In the distal tibia, measurements using the Ulm and Jend methods depend on CT cuts in the distal tibial pilon with the fibula articulating in the incisura fibularis. Both techniques had lower reliability compared to the bimalleolar axis, and this is mainly due to the difficulty in choosing the level at which we can make measurements. This was also evident by the statistically significant improvement in the interobserver variability when using the Ulm method with predefined CT cuts; however, this was not the case for the Jend method. In contrast, to draw the bimalleolar axis, we choose the first axial CT cut just below the tibial pilon’s articular surface in which the medial and lateral malleoli and the talar dome are present, which is an easier task [17].

ICC scores for the femoral condylar axis were lower for the interobserver data compared to the intraobserver scores. Furthermore, the interobserver variability was significantly lowered by using predefined CT cuts. This is due to the size of the femoral condyles, as they are large and it may be difficult to choose the cut of their maximum prominence. A final observation related to the intraobserver variability was the effect of observer experience on the results. The attending surgeon had the lowest variability followed by the chief resident and the senior house officer.

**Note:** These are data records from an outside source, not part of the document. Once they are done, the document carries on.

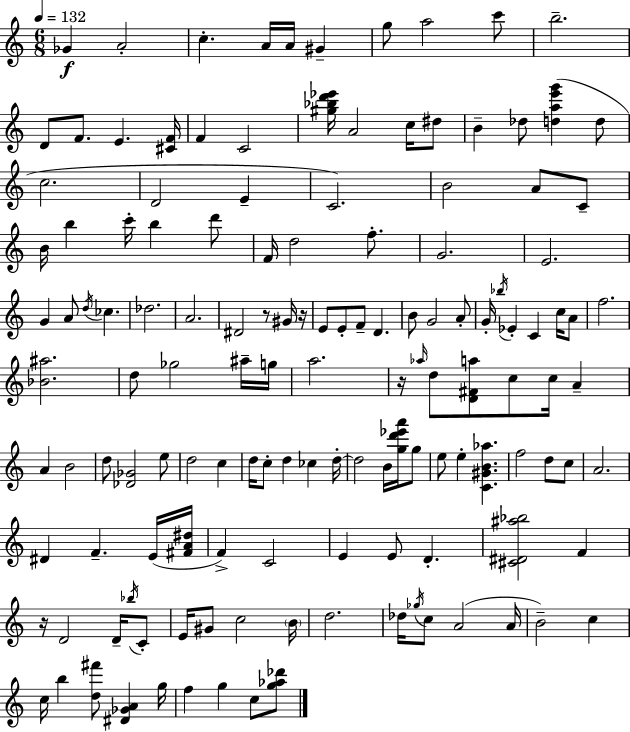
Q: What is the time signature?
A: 6/8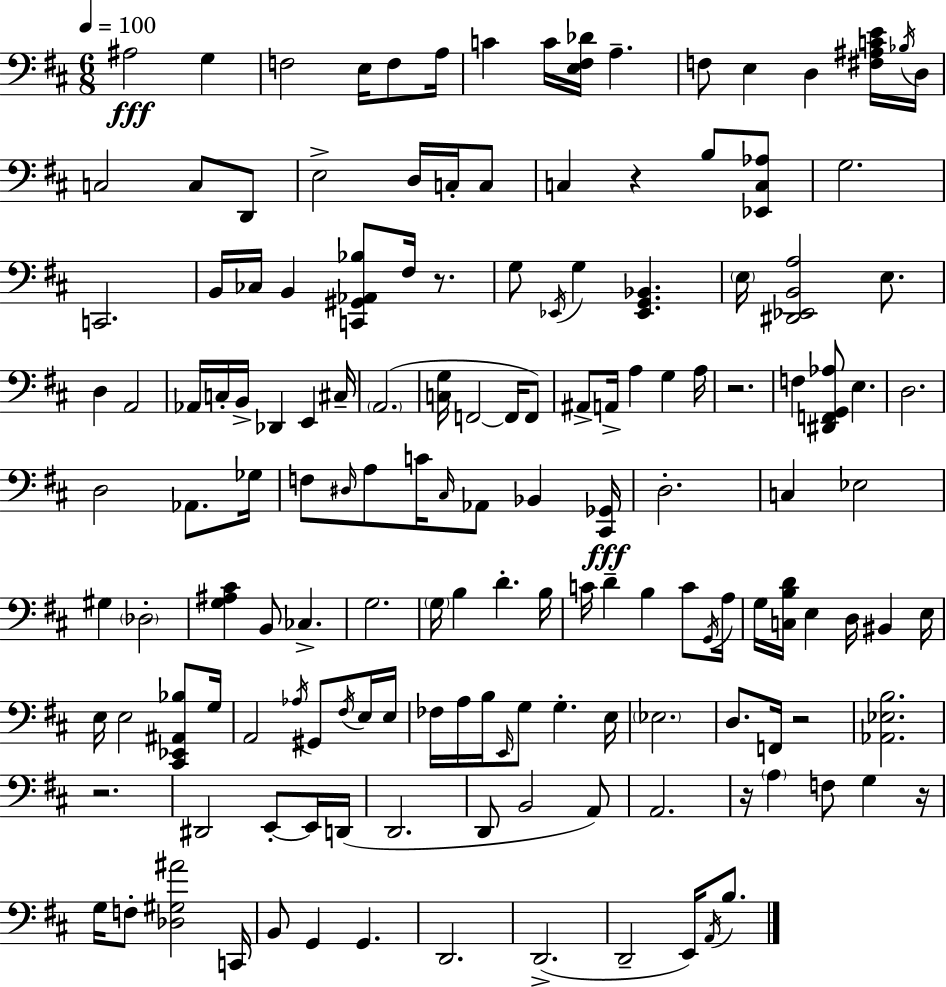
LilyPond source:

{
  \clef bass
  \numericTimeSignature
  \time 6/8
  \key d \major
  \tempo 4 = 100
  ais2\fff g4 | f2 e16 f8 a16 | c'4 c'16 <e fis des'>16 a4.-- | f8 e4 d4 <fis ais c' e'>16 \acciaccatura { bes16 } | \break d16 c2 c8 d,8 | e2-> d16 c16-. c8 | c4 r4 b8 <ees, c aes>8 | g2. | \break c,2. | b,16 ces16 b,4 <c, gis, aes, bes>8 fis16 r8. | g8 \acciaccatura { ees,16 } g4 <ees, g, bes,>4. | \parenthesize e16 <dis, ees, b, a>2 e8. | \break d4 a,2 | aes,16 c16-. b,16-> des,4 e,4 | cis16-- \parenthesize a,2.( | <c g>16 f,2~~ f,16 | \break f,8) ais,8-> a,16-> a4 g4 | a16 r2. | f4 <dis, f, g, aes>8 e4. | d2. | \break d2 aes,8. | ges16 f8 \grace { dis16 } a8 c'16 \grace { cis16 } aes,8 bes,4 | <cis, ges,>16\fff d2.-. | c4 ees2 | \break gis4 \parenthesize des2-. | <g ais cis'>4 b,8 ces4.-> | g2. | \parenthesize g16 b4 d'4.-. | \break b16 c'16 d'4-- b4 | c'8 \acciaccatura { g,16 } a16 g16 <c b d'>16 e4 d16 | bis,4 e16 e16 e2 | <cis, ees, ais, bes>8 g16 a,2 | \break \acciaccatura { aes16 } gis,8 \acciaccatura { fis16 } e16 e16 fes16 a16 b16 \grace { e,16 } g8 | g4.-. e16 \parenthesize ees2. | d8. f,16 | r2 <aes, ees b>2. | \break r2. | dis,2 | e,8-.~~ e,16 d,16( d,2. | d,8 b,2 | \break a,8) a,2. | r16 \parenthesize a4 | f8 g4 r16 g16 f8-. <des gis ais'>2 | c,16 b,8 g,4 | \break g,4. d,2. | d,2.->( | d,2-- | e,16) \acciaccatura { a,16 } b8. \bar "|."
}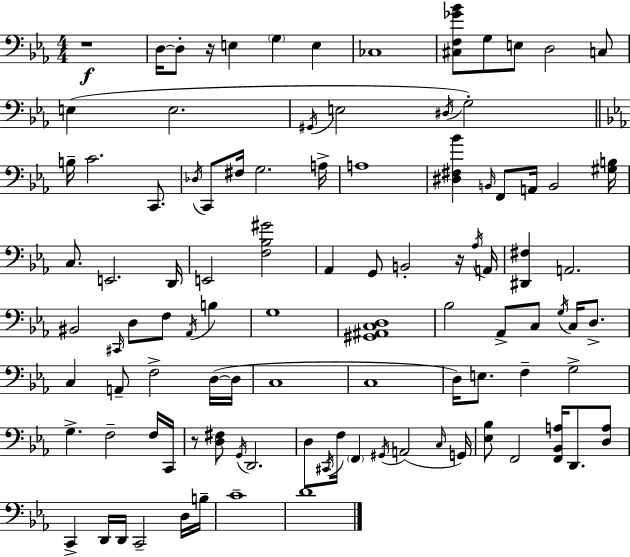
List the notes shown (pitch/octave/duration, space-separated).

R/w D3/s D3/e R/s E3/q G3/q E3/q CES3/w [C#3,F3,Gb4,Bb4]/e G3/e E3/e D3/h C3/e E3/q E3/h. G#2/s E3/h D#3/s G3/h B3/s C4/h. C2/e. Db3/s C2/e F#3/s G3/h. A3/s A3/w [D#3,F#3,Bb4]/q B2/s F2/e A2/s B2/h [G#3,B3]/s C3/e. E2/h. D2/s E2/h [F3,Bb3,G#4]/h Ab2/q G2/e B2/h R/s Ab3/s A2/s [D#2,F#3]/q A2/h. BIS2/h C#2/s D3/e F3/e Ab2/s B3/q G3/w [G#2,A#2,C3,D3]/w Bb3/h Ab2/e C3/e G3/s C3/s D3/e. C3/q A2/e F3/h D3/s D3/s C3/w C3/w D3/s E3/e. F3/q G3/h G3/q. F3/h F3/s C2/s R/e [D3,F#3]/e G2/s D2/h. D3/e C#2/s F3/s F2/q G#2/s A2/h C3/s G2/s [Eb3,Bb3]/e F2/h [F2,Bb2,A3]/s D2/e. [D3,A3]/e C2/q D2/s D2/s C2/h D3/s B3/s C4/w D4/w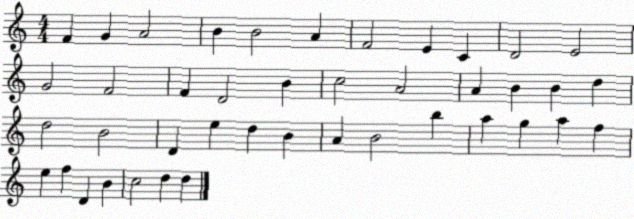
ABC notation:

X:1
T:Untitled
M:4/4
L:1/4
K:C
F G A2 B B2 A F2 E C D2 E2 G2 F2 F D2 B c2 A2 A B B d d2 B2 D e d B A B2 b a g a f e f D B c2 d d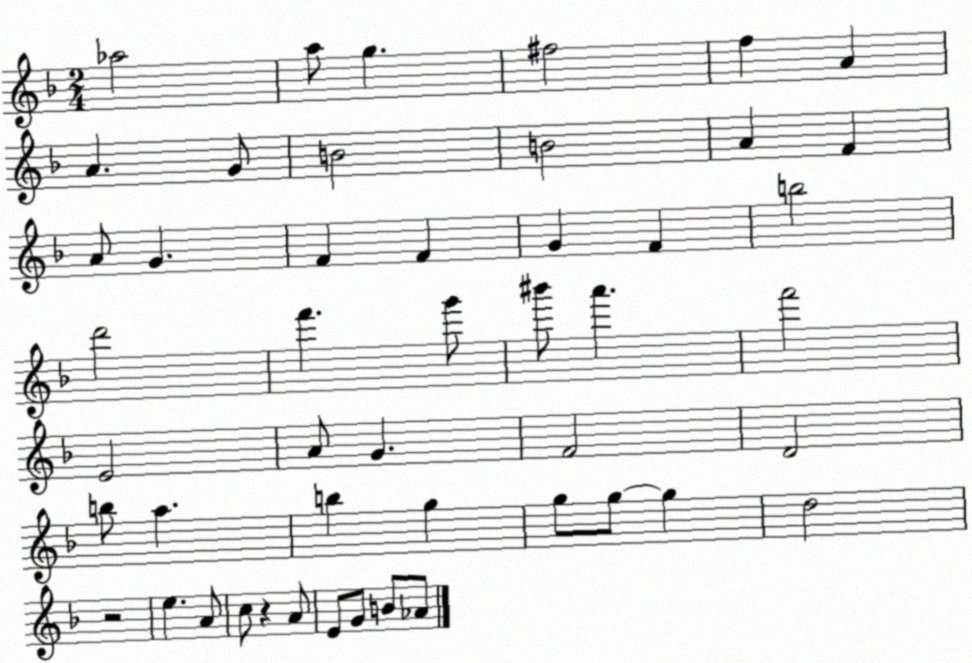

Kuo et al. [9] reported an intraobserver difference up to 14.2° when using the Hernandez et al. method for the measurement of femoral anteversion. In another study that assessed femoral torsion using CT, Jaarsma et al. [6] reported intraobserver differences up to 10.8° and interobserver differences up to 15.6° in 95% of the measurements. An earlier study by the same authors recommended a corrective procedure for side to side femoral anteversion differences of more than 15° following closed nailing procedures for diaphyseal femoral fractures; however, with the reported magnitude of intraobserver and interobserver differences, this limit seems unreasonable [21]. For the measurement of tibial torsion, an interobserver variability of ±3° was reported [10].

When using the Hernandez or Weiner et al. method to assess the rotational angle of a given anatomic area, the results fluctuated for the femoral neck axis. The bimalleolar axis method underestimated the tibial torsion angle by an average of 4.8° and 13° compared to the Ulm and Jend techniques, respectively. Furthermore, compared to the Ulm technique, the Jend method overestimated the results by an average of 8.3°. This represents another difficulty when interpreting the results of different studies assessing lower limb torsion with the use of inconsistent methods to define different axes and the impact of choosing one method over the others.

In conclusion, the most reliable methods are the Hernandez and bimalleolar methods for measuring femoral and tibial torsion, respectively. With the exception of the Ulm method, the reliability of the other methods could not be improved by using predefined CT cuts. Measurements of lower limb torsion should only be compared between different physicians if they are using the same methods to define different axes.